After weeks of living at the school, Whyte said she took the chance to return home.

"Is tractor mi had to use to dig out the house which was almost covered with sand," she said, pointing to the building which is still twisted from the impact.

Now that the nearby 'gully', which channels the water from the mountain down to the community, is being further eroded, Whyte said she is not affected as much by sand, but still gets flooded when it rains. But, despite living in constant fear, the mother of two said she cannot follow the example of several of her neighbours who have since relocated from the area.

"If mi had some block and cement mi would move from here and go build further down like the other people, but I just can't afford to, so mi just have to stay here and hope for the best," she said.

Fellow resident Joan Harris said she had to relocate from the area to another section of the community as her house was destroyed. She recalled that she was asleep on the fateful night, when the water gushed down from the hills. It had been raining all day, but residents never expected the outcome.

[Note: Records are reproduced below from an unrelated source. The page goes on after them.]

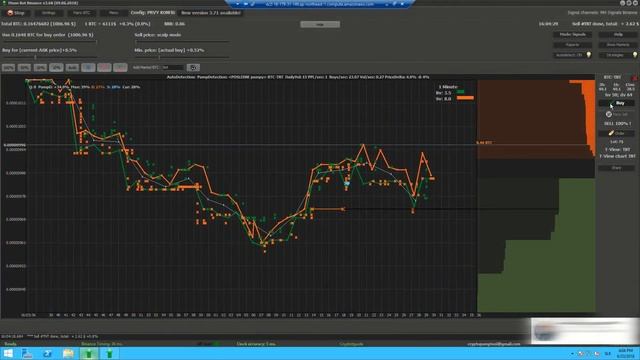 Moonbot tutorial 31 introduction to scalping the most profitable crypto activity смотреть онлайн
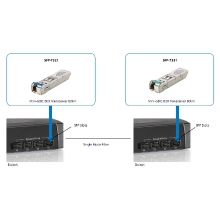 TRANSCEIVER LEVEL ONE SFP-7331 SFP BIDIRECCIONAL MONOMODO 155Mbps 20Km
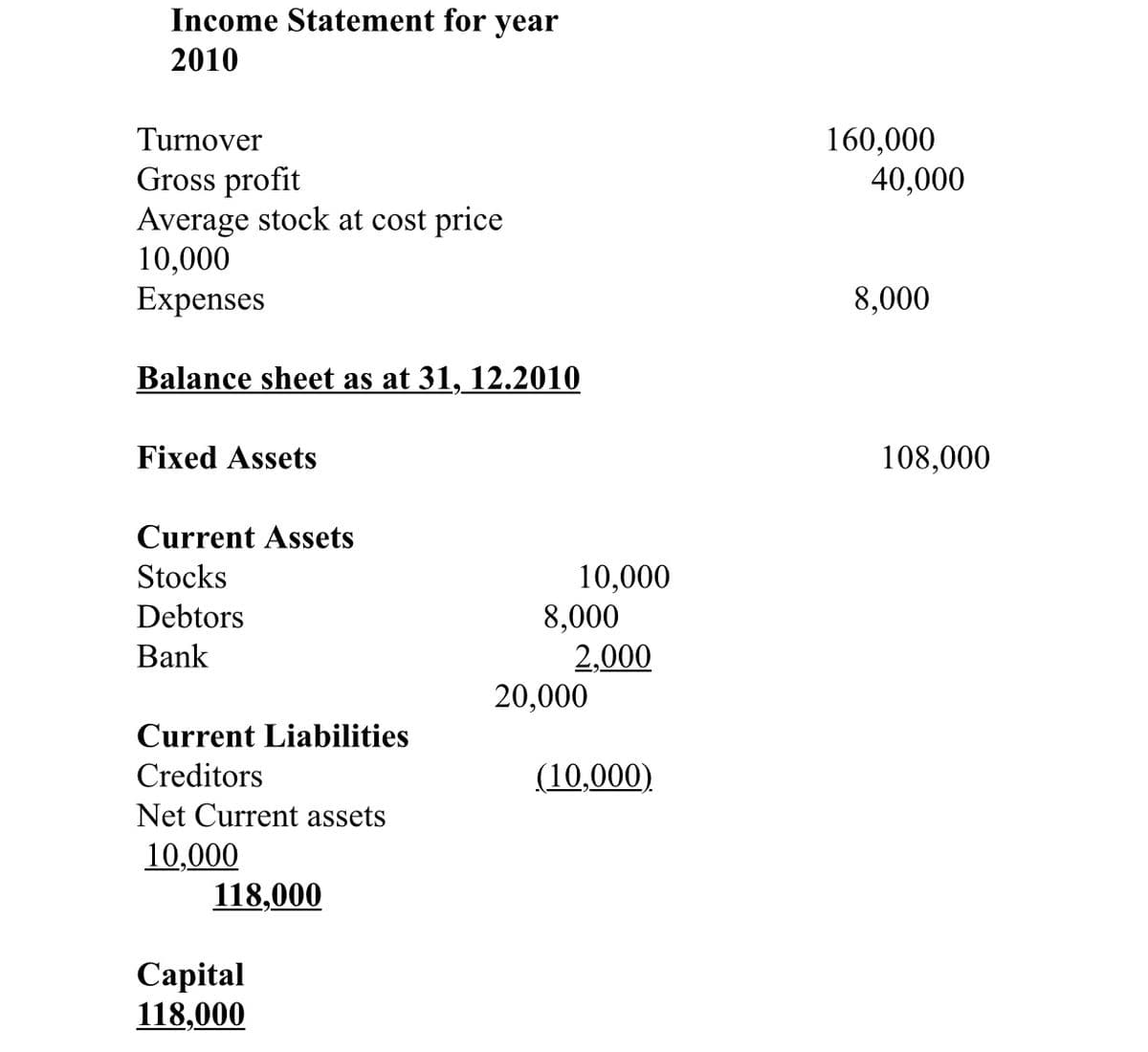Income Statement for year
2010
Turnover
160,000
40,000
Gross profit
Average stock at cost price
10,000
Expenses
8,000
Balance sheet as at 31, 12.2010
Fixed Assets
108,000
Current Assets
Stocks
10,000
8,000
2,000
20,000
Debtors
Bank
Current Liabilities
Creditors
(10,000)
Net Current assets
10,000
118,000
Сapital
118,000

"Is hear mi hear the sound and mi wake up and when mi step off the bed is water mi step down into and water just run through the house," she said, adding: "We didn't even have time to put the bed on blocks."

Harris said she and her family sought refuge at a neighbour's house before returning home days later to clean up and move back in. However, a few months later there was another flood which flattened the house.

"We had to stay by the school for about six months; so school was being kept upstairs and we were living downstairs," she recalled.

That arrangement continued for months until then member of Parliament recommended that they relocate to another section of the community.

But despite the care that is being taken to protect the environment Harris said they are not yet in the clear.

"People still worry when it is hurricane time. But people no have nowhere else to go so dem have to just stay," she said.

Marlon Beale, director of the Forestry Department's eastern zone, said the aim of the LFMC, is to act as partner at the community level to assist with reforestation.

"There are areas that need replanting of trees and we would liaise with the LFMC to find persons who will assist with this," he told the Observer North East.

He further explained that there are also educational and sustainable livelihood components to the committees.

"They are educated that we need trees, not only timber trees (for lumber) but also fruit trees...We encourage other activities that are environmentally friendly and so they get involved in things like bee-keeping or some other alternative," he said.